According to the Palestinian Red Crescent, a 45-year-old man was killed in Jenin, a stronghold of armed groups in the northern West Bank, and another person was killed in Dheisheh refugee camp near Bethlehem further south.
Contacted by AFP, the Israeli army did not immediately comment.
The Red Crescent said that overall, Israeli forces carried out at least five overnight operations in towns and refugee camps across the West Bank, which Israel has occupied since 1967.
Israeli army raids targeting suspected Palestinian militants in the West Bank have surged since Hamas launched its deadly October 7 attacks on southern Israel from the Gaza Strip, as has Israeli settler violence against Palestinians.
The Palestinian health ministry in Ramallah says Israeli forces and settlers have killed more than 200 Palestinians in the West Bank since the start of the Israel-Hamas war.
Hamas gunmen on October 7 Hamas surged out of Gaza and, according to Israeli officials, killed 1,200 people -- mostly civilians -- and seized around 240 hostages.

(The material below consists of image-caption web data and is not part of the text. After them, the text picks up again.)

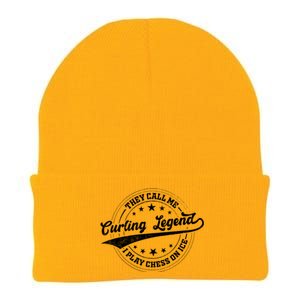 They Call Me Curling Legend I Play Chess On Ice Curling Gift Knit Cap Winter Beanie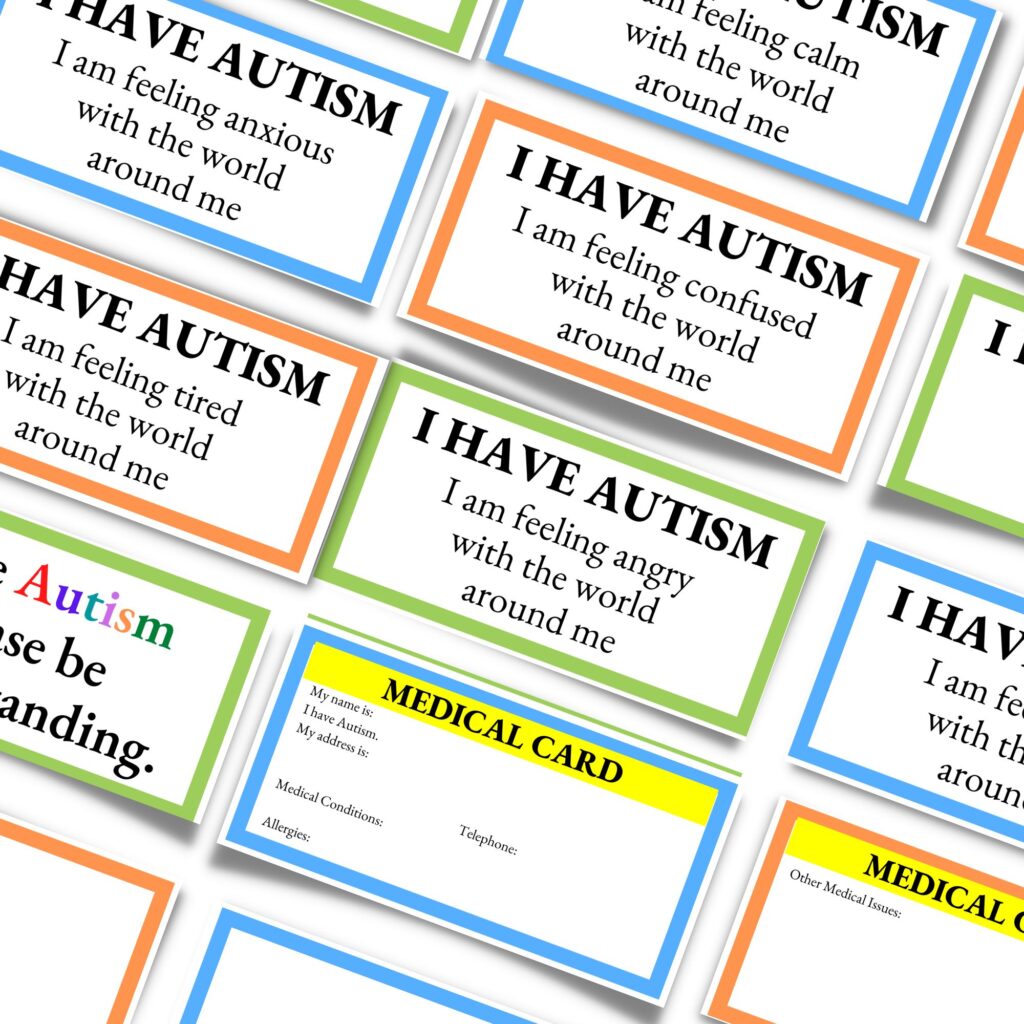 Printable I have Autism feelings communication cards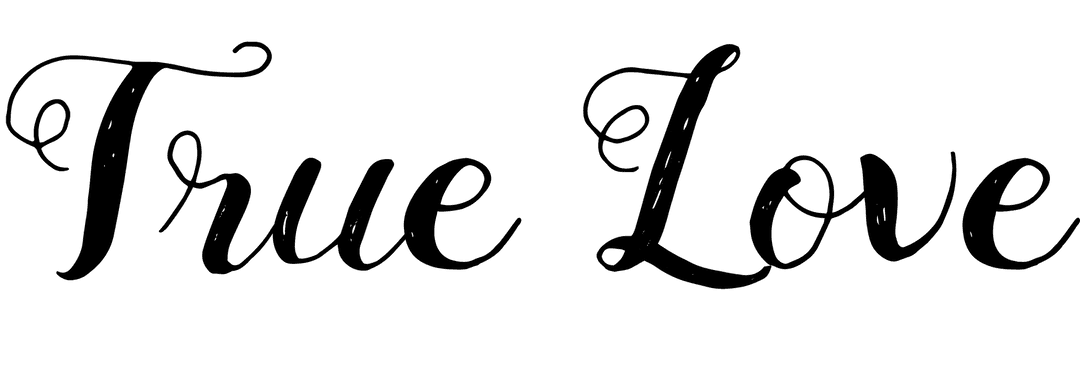 True Love Text on Transparent Background Vector Illustrator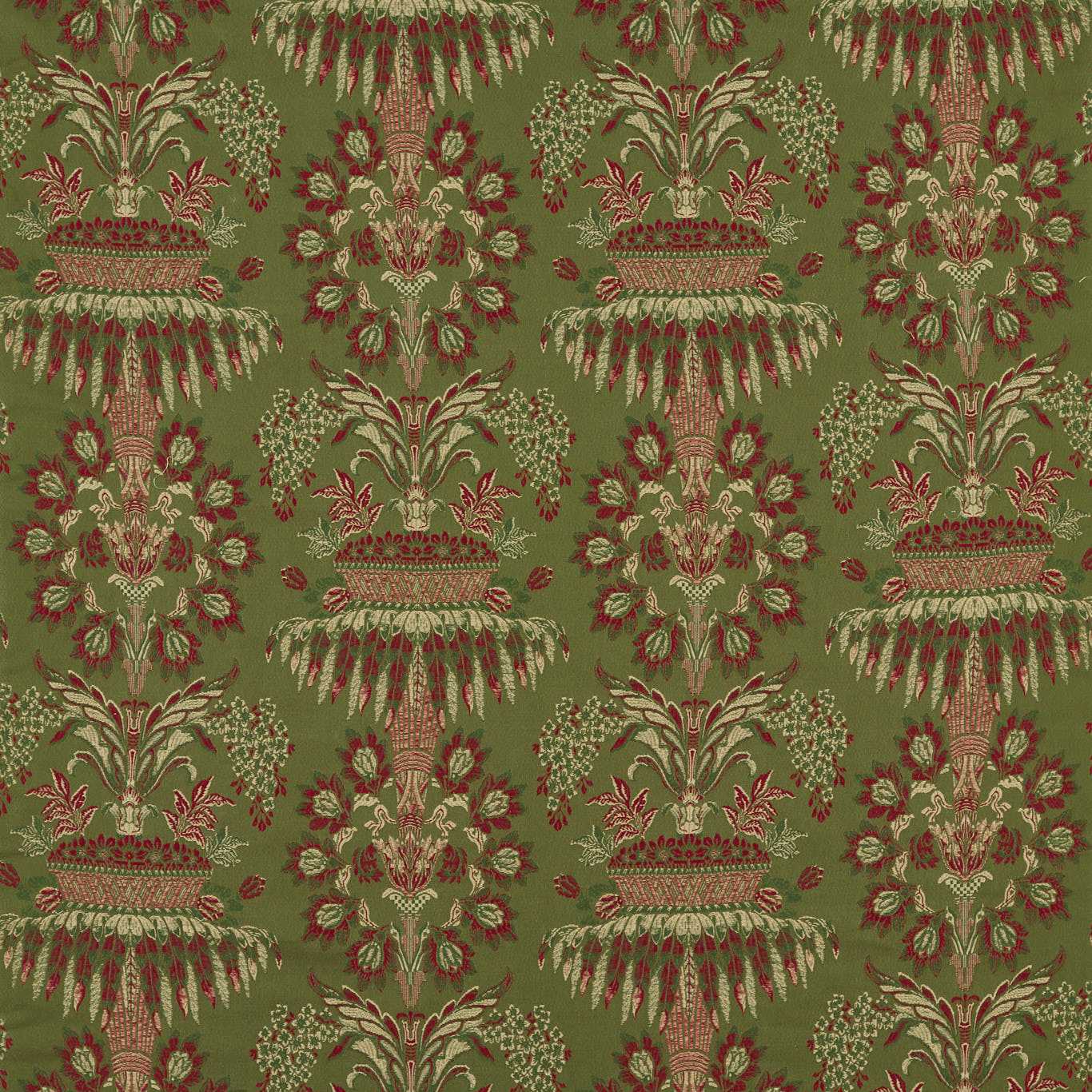 ZOFFANY Long Gallery Brocade Fabric Damask Olivine,Russet   - ZSUF333390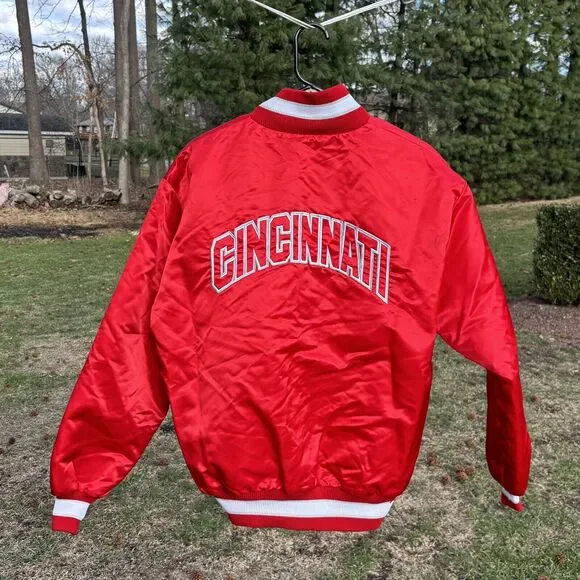 Vintage 80s Cincinnati Reds Satin Jacket Delong MLB Mens Large Varsity Bomber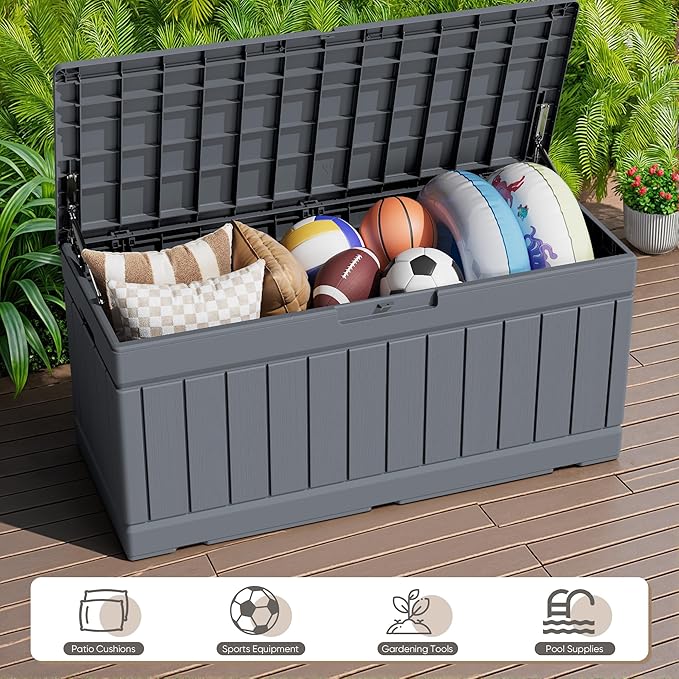 JUMMICO 78 Gallon Outdoor Deck Box Large Resin Storage Box for Patio Furniture Cushions, and Garden Tools (Gray) - Image 3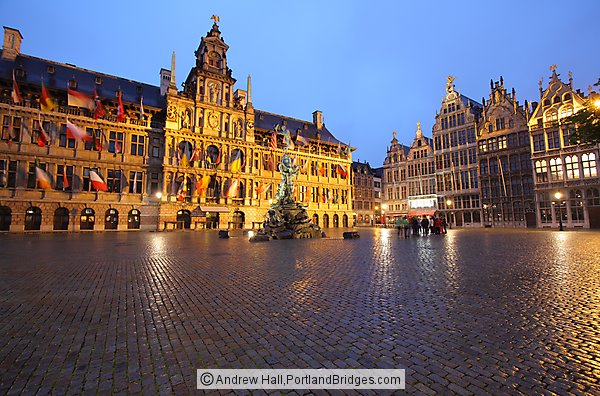 Grote Markt, Town Hall, at Dusk, Antwerp, Belgium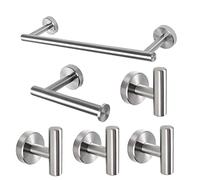 Ensemble de 6 Accessoires de Salle de Bain-XINGLO,40cm Porte-Serviette,Porte-Papier Toilette,4*Crochet pour Peignoirs,Noir Mat,Montage Mural/SUS 304 de Qualité (Brossé en)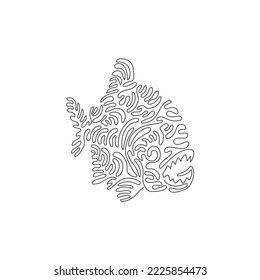 Single curly one line drawing of strong bites piranha abstract art. Continuous line draw graphic design vector illustration of sharp tooth fish for icon, symbol, company logo, poster wall decor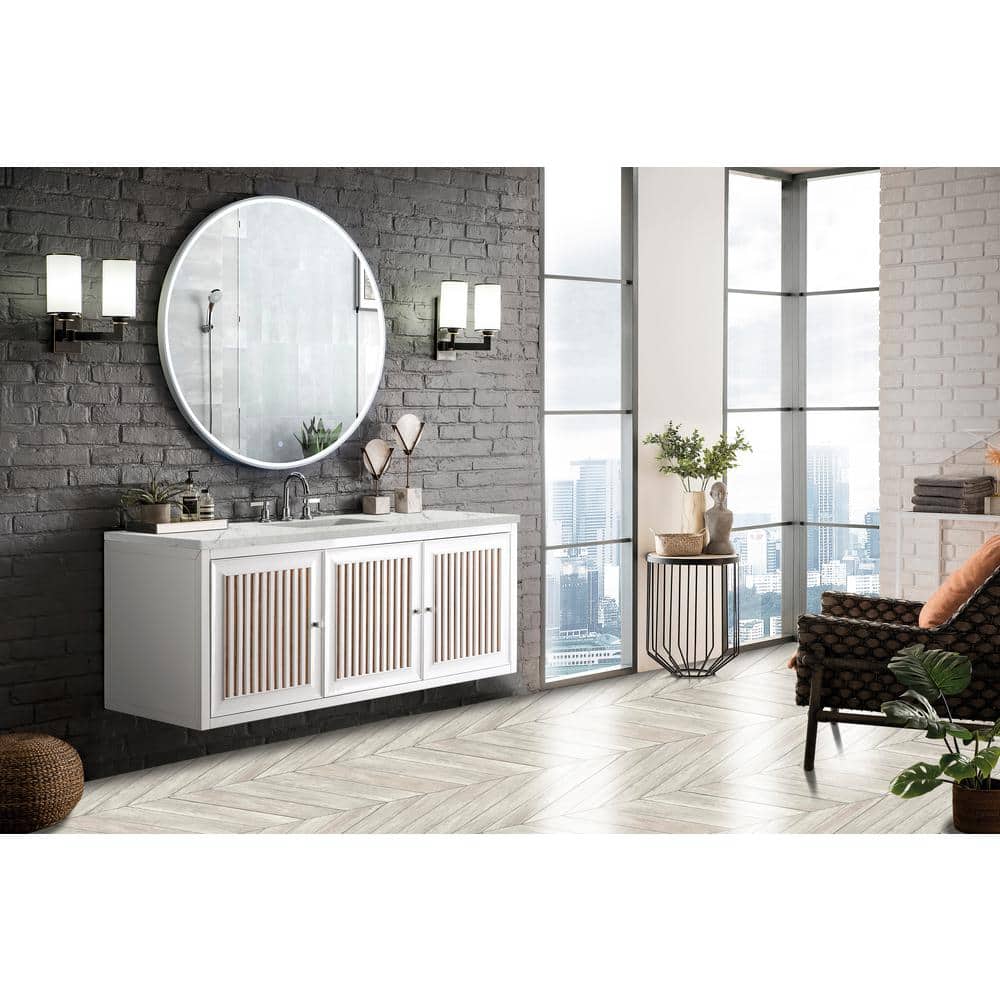 Athens 60 in. W x 23.5 in. D x 34.5 in. H Bathroom Vanity in Glossy White with Eternal Jasmine Pearl Quartz Top price history on PriceWatchPro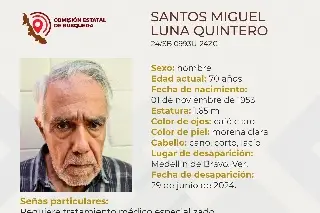 Imagen Él es Santos Miguel, tiene 70 años y desapareció en Medellín de Bravo 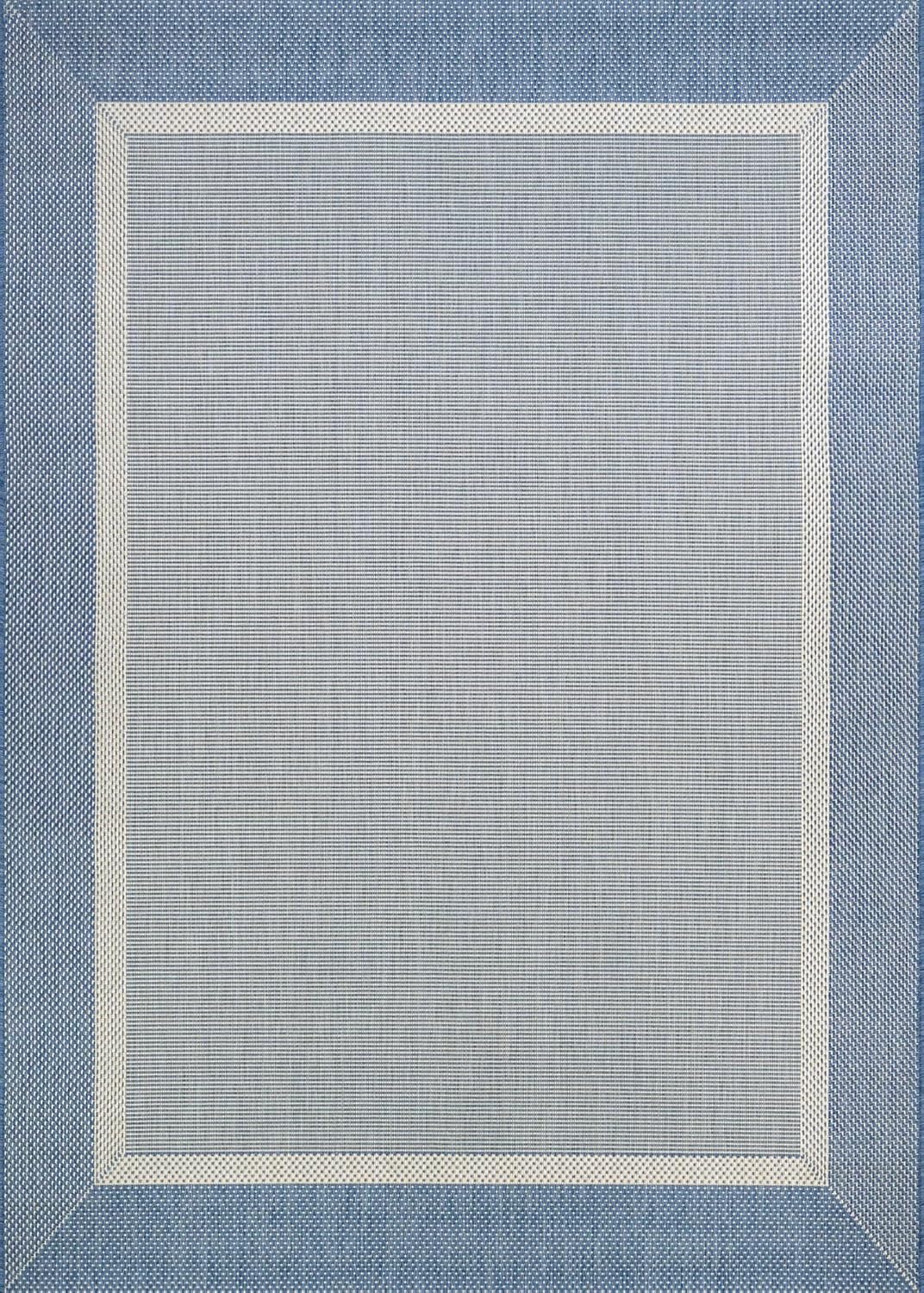 2' 3'7" Set, Couristan Recife Indoor Outdoor Rug - Stria Texture x Rectangle in Blue, Hose Washable, Low Pile, Pet- Kid
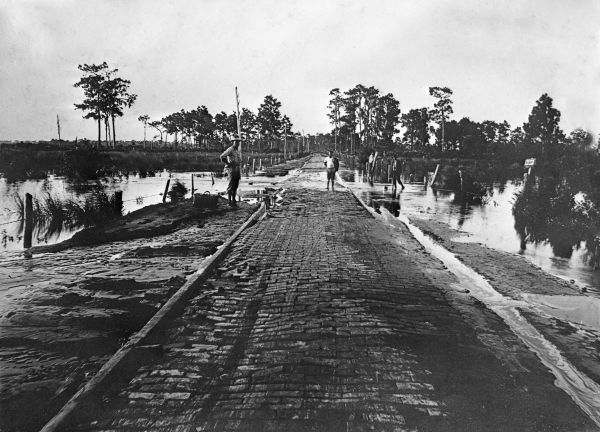 Washout of brick road - Lake County, Florida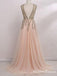 A-line V-neck Evening Dress with Slit Sexy Shiny Rhinestone Long Prom Dresses, QB0335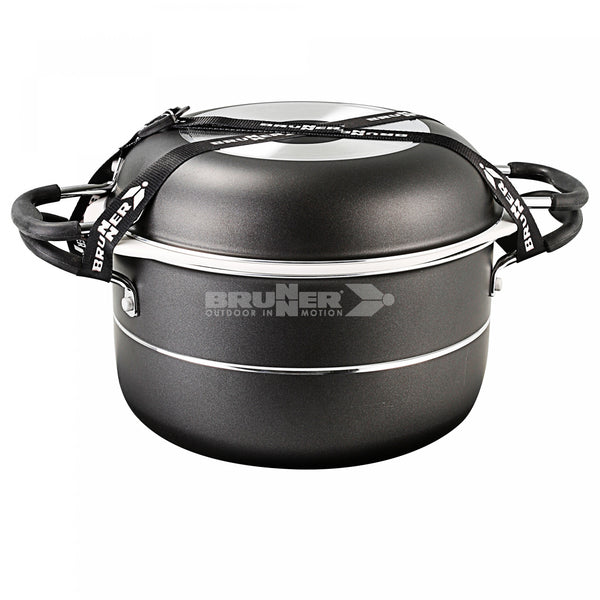 BRUNNER PIRATE 9+1 Ø 24cm SET PENTOLE SALVASPAZIO IN RESISTENTE ACCIAIO INOX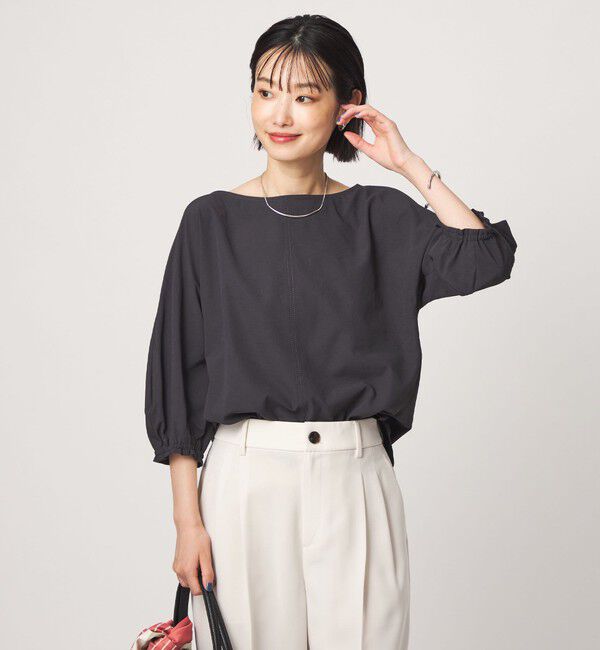 UNITED ARROWS green label relaxing「Breeze Cool ボートネック 7分袖 ブラウス マシンウォッシャブル 吸水速乾 通気性 UVカット」|シャツ・ブラウス|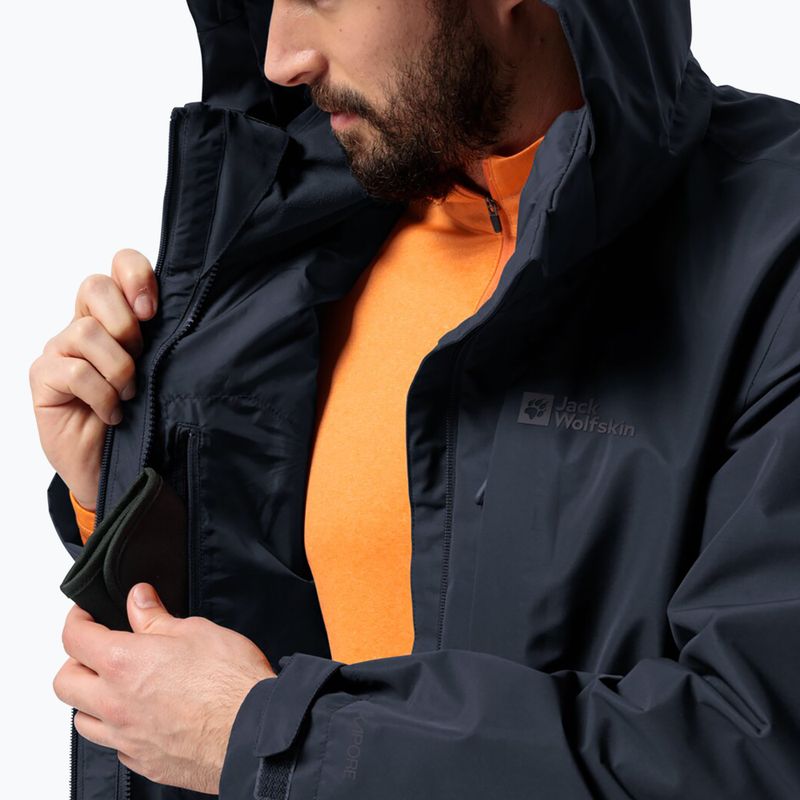 Jack Wolfskin férfi esőkabát Fernblick 2L éjszakai kék 4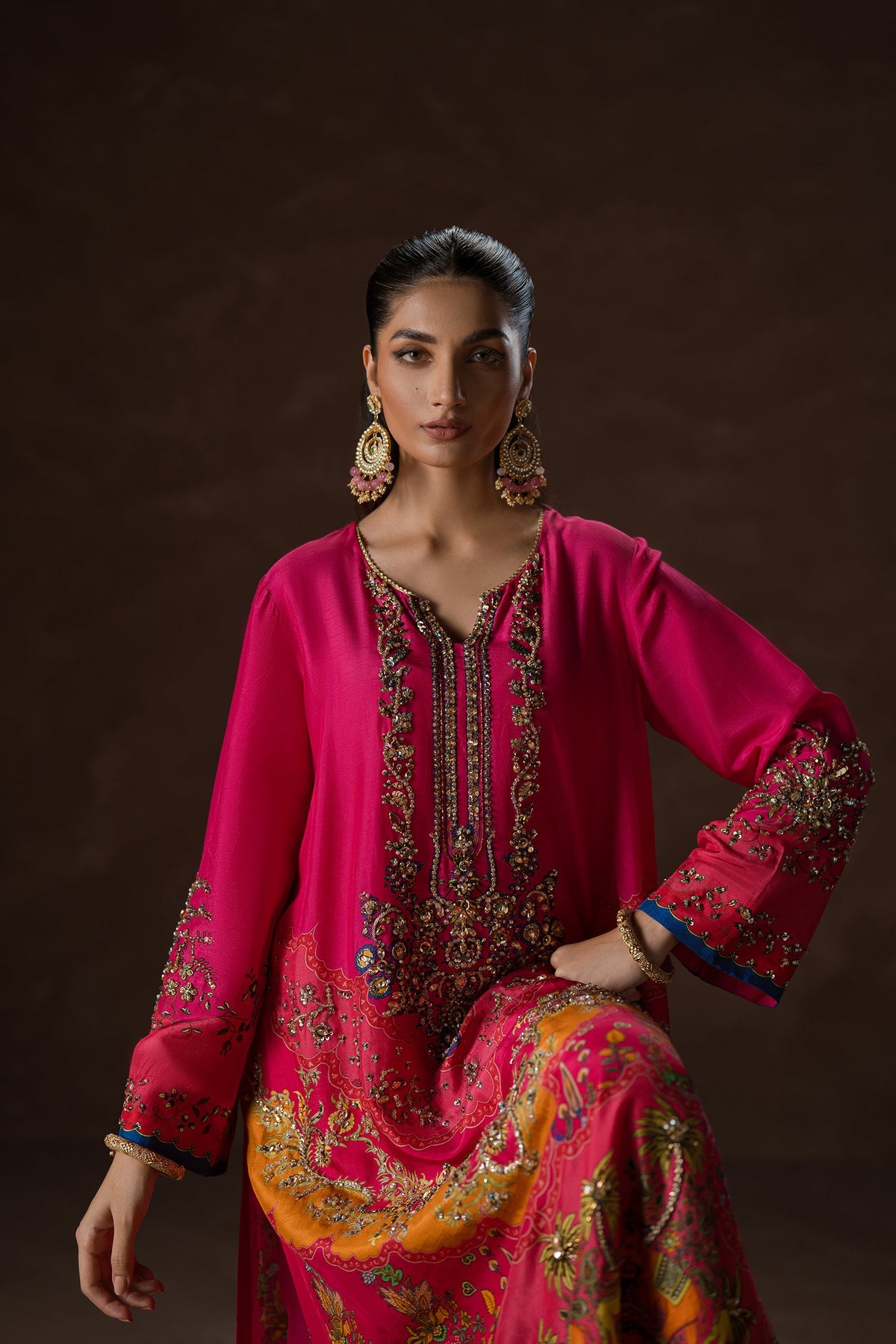 Ammara Khan | Symphony 24 | HOT PINK PARTY KAFTAN SET (D-02) by Ammara Khan - Designer Dress - Type: Ladies Clothes - Available at Libayah - 100% Original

In retaliation, Israel launched bombardments and a ground offensive against the Islamist movement in Gaza, where the Hamas government says at least 12,300 people, also mostly civilians, have been killed.
In the northern West Bank on Saturday, five fighters in the armed wing of Palestinian president Mahmud Abbas's Fatah movement were killed in a rare Israeli airstrike on Balata refugee camp, the Palestinian Red Crescent and Fatah sources said.
On Sunday, an AFP photographer saw Israeli troops searching Nablus's Balata camp.